Allusion was more difficult for students to identify. The difficulty has to do with the fact that in order to recognize allusions one needs to have background knowledge of a historical and literary figures, events, places, etc. If a student has no knowledge of Abraham Lincoln’s Gettysburg Address, they will not be able to identify MLK’s line “five score years ago” as an allusion. I decide that students can do their best to identify any allusions in the speech, but if they are not able to I will be helping them.
I give students time to talk to their partner and decide on the examples of diction and allusion they want to add to their booklet. I now begin to see much better examples of diction, such as in this sample booklet(jasmine). I suggest to students that they all include “five score years ago” in their Allusion page and do their best to identify any other examples.

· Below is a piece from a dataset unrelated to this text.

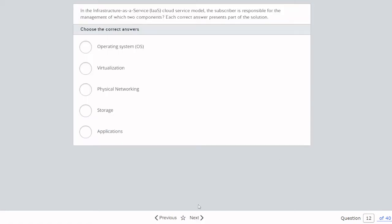Question twelve: In the IaaS cloud service model, the subscriber is responsible for the management of which two components? The options are operating system, virtualization, physical networking, storage, and applications. The correct answers are operating system and applications — the subscriber manages those, while the provider manages virtualization, physical networking, and storage.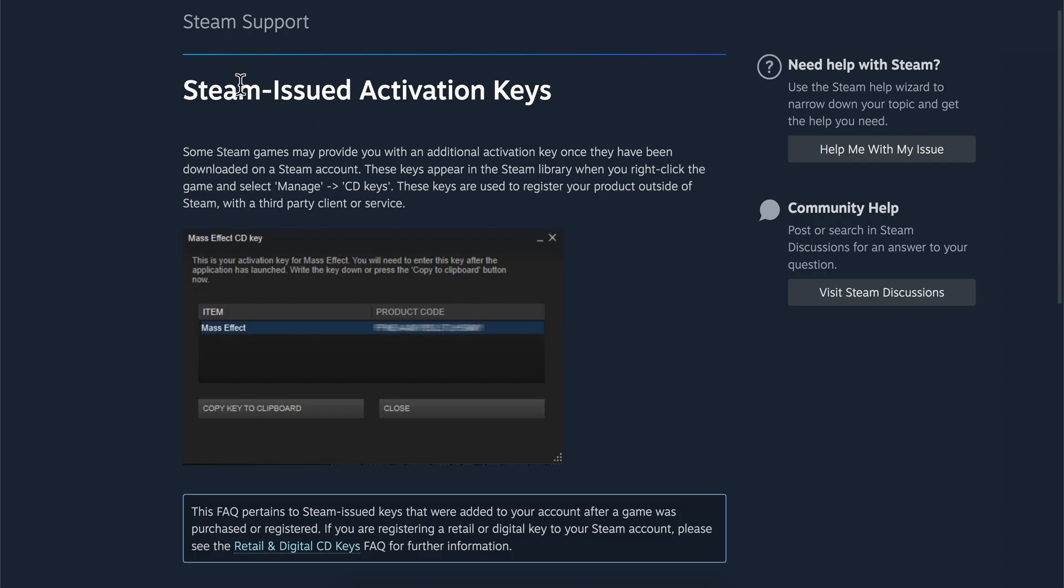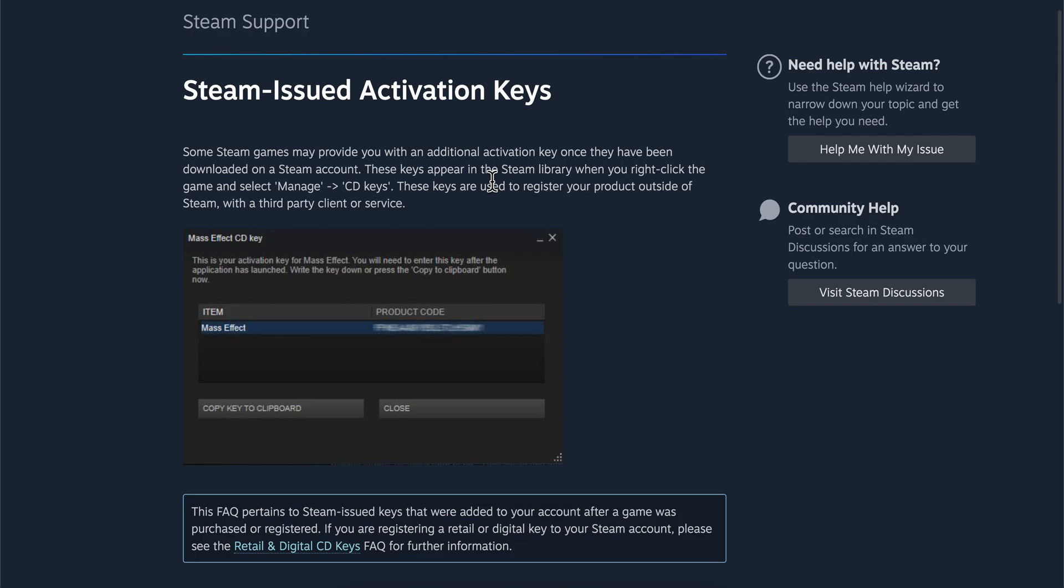First method: Some Steam games may provide you with an additional activation key once they've been downloaded. These keys appear in the Steam library when you right-click the game, select Manage, and then view the CD key. These keys are used to register your product outside of Steam with a third-party client or service.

I now want students to expand their search and look at additional powerful speeches to see additional examples of these devices. I have selected this set of 4 speeches. I distribute these sets of speeches and take a few minutes to give them some background information about each speech. Students will only work with these speeches today, and a short period of time tomorrow, as I intend for these speeches to be used as models of these devices and not to do an in depth analysis of them.

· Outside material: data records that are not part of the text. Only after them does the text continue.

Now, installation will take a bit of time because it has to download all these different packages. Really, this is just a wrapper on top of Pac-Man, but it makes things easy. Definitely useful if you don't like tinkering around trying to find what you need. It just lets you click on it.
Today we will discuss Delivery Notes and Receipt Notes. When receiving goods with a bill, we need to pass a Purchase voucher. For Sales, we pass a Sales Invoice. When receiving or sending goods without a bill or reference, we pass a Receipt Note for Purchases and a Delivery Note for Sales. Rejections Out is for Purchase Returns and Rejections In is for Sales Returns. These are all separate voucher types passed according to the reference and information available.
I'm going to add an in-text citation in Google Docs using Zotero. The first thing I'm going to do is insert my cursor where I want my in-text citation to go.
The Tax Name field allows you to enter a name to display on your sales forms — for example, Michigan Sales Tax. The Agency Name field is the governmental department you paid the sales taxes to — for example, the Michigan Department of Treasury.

I do not expect every student to read all four speeches (we don’t have time) so I ask them to select one of the four and I give them time to read it. Students are to keep an eye out for good examples of the devices we have been working with.

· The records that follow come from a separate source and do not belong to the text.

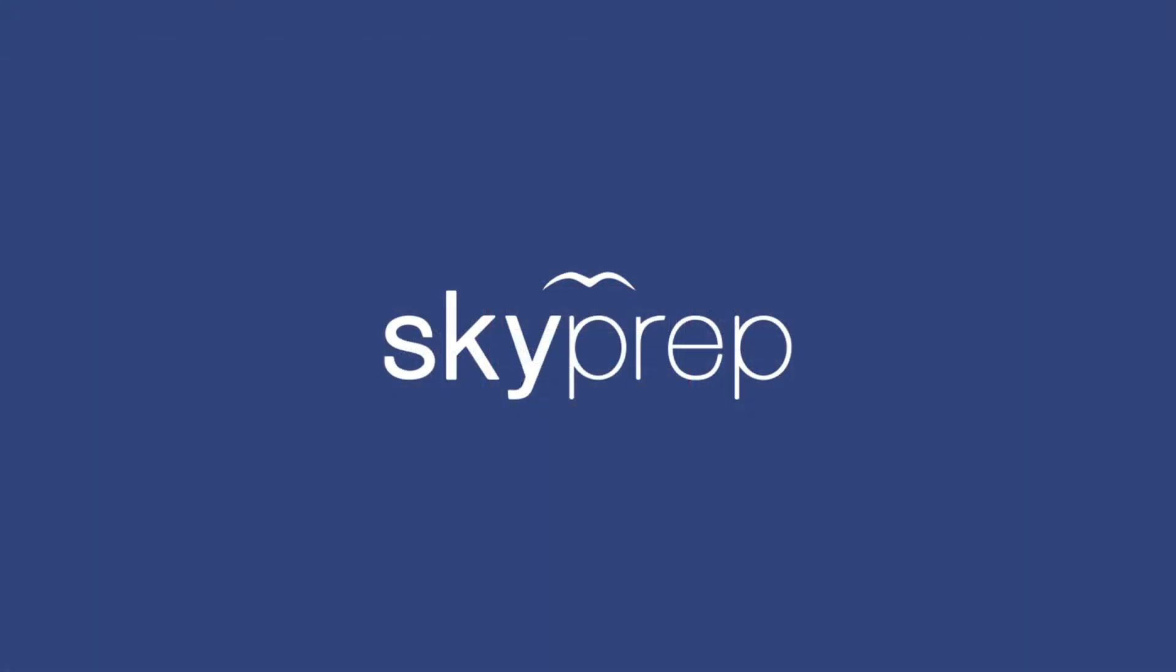With this, you should be able to create your first course as well as enroll your learners into their training. As previously mentioned, if you want more in-depth information about the features and functions of the Skypera platform, you can take a look at our other videos.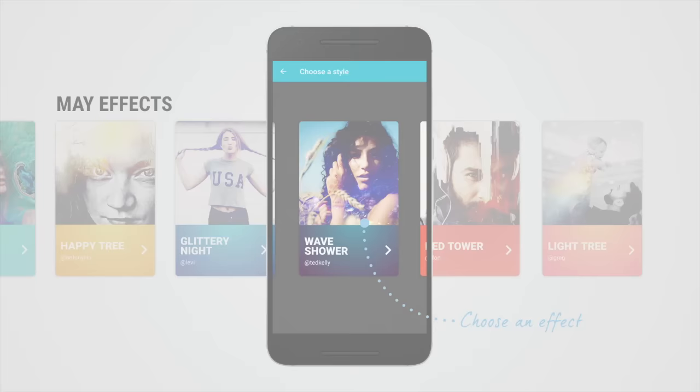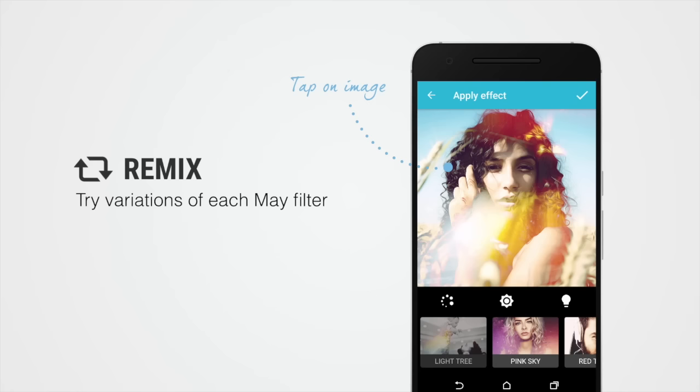The remix feature allows you to try different variations of an effect. This helps you create the effect best suited for your photo.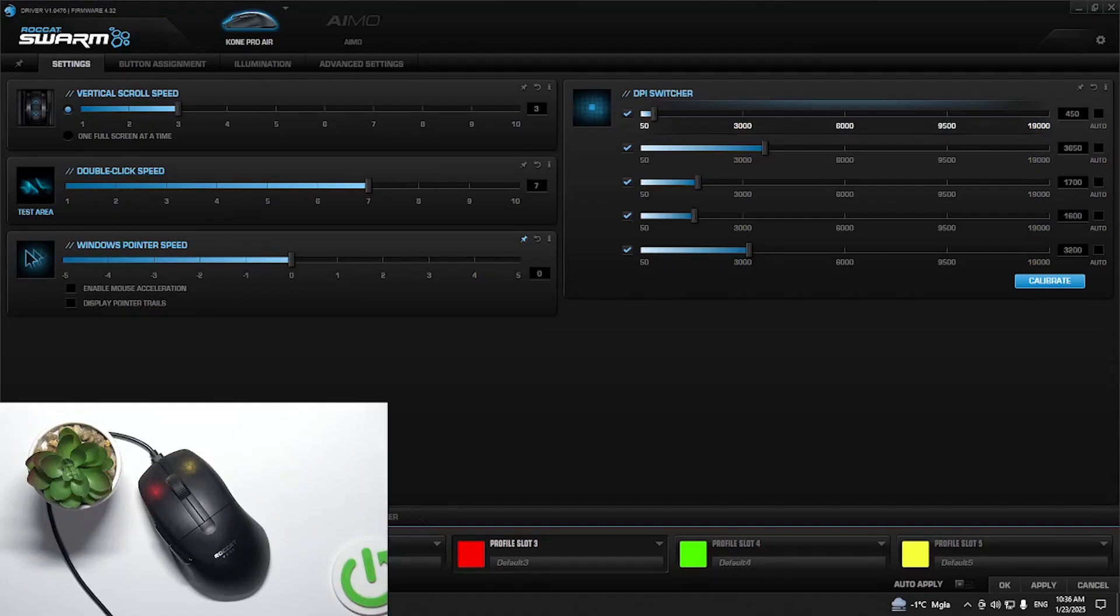Hi everybody and welcome. Today I have the Roccat Kone Pro Air wireless mouse and I'm going to show you how you can easily manage RGB illumination on your mouse.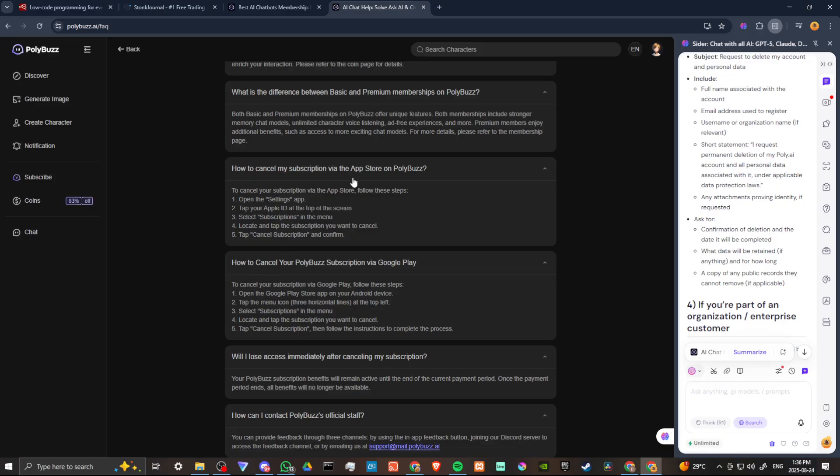If you are using the app on the App Store, then you can cancel your subscription by opening the Settings app. And you can go through the Tap Your Apple ID, Select Subscriptions, and Locate Subscription and Cancel the Subscription.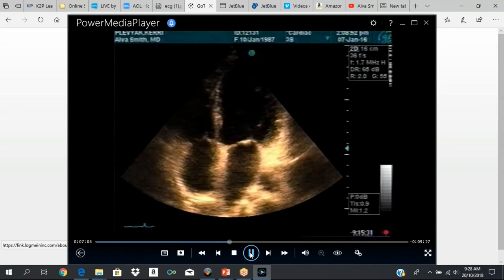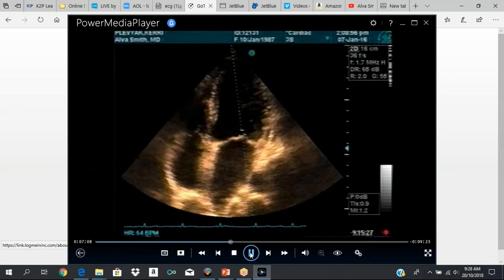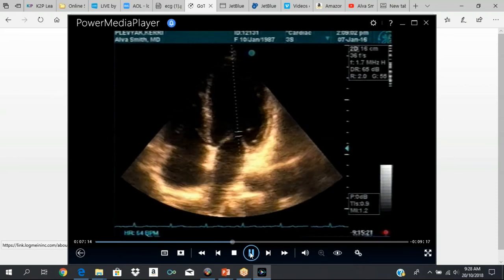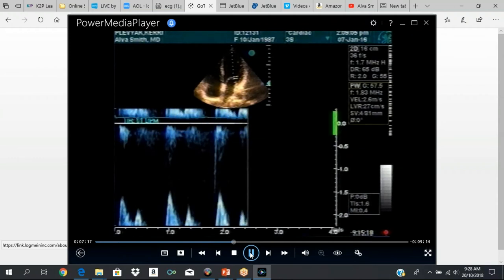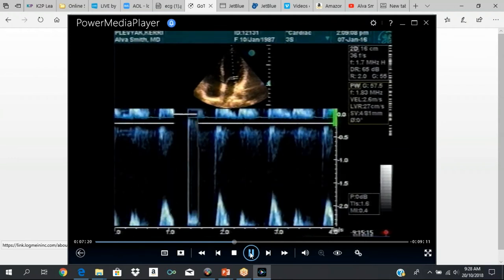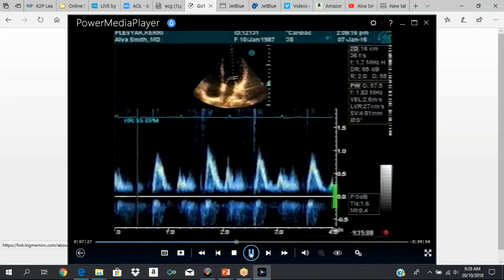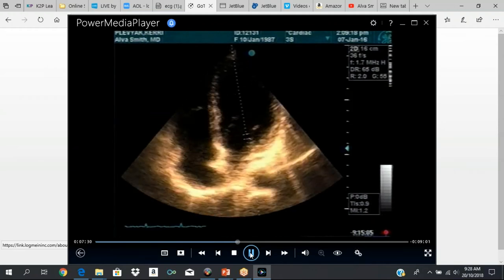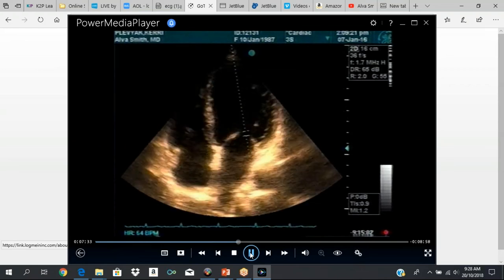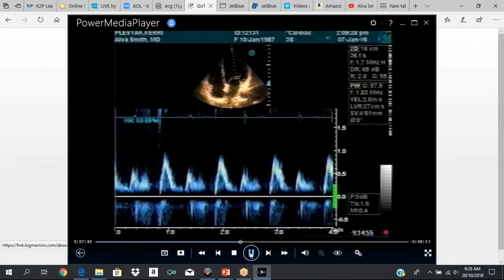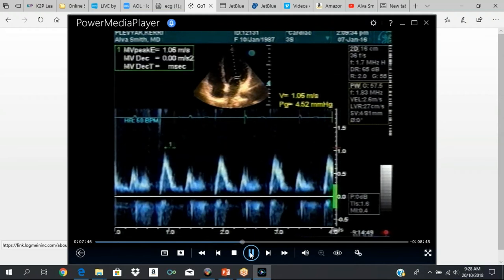In the apical four-chamber view, the heart has to be vertical. If the heart is not vertical, it's not an accurate assessment. We're going to skip the Dopplers — they're extremely important, but we're just going over the scanning views. To get the apical five-chamber view, you just tilt the angle of the transducer downwards — a very fine movement — and the five-chamber view will pop up right in front of you.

I then give students time to work with their partner and select one or two more examples of each device to include in their booklet. I have clarified each device as students became confused. At this point, I have a list of quick descriptions to help students clarify confusion they have encountered as they work with these devices. Students were getting confused with some of these devices, not all of them. I make a list on the board of the devices that are confusing and I write notes to clarify the confusion, like I explain in this video. I leave these notes on the board and instruct students to keep it in mind as they move on to identify more examples from this set of speeches.
By the end of the period, they have a few additional devices. They will finish adding more tomorrow for a total of at least one additional example of each device from this set of 4 speeches.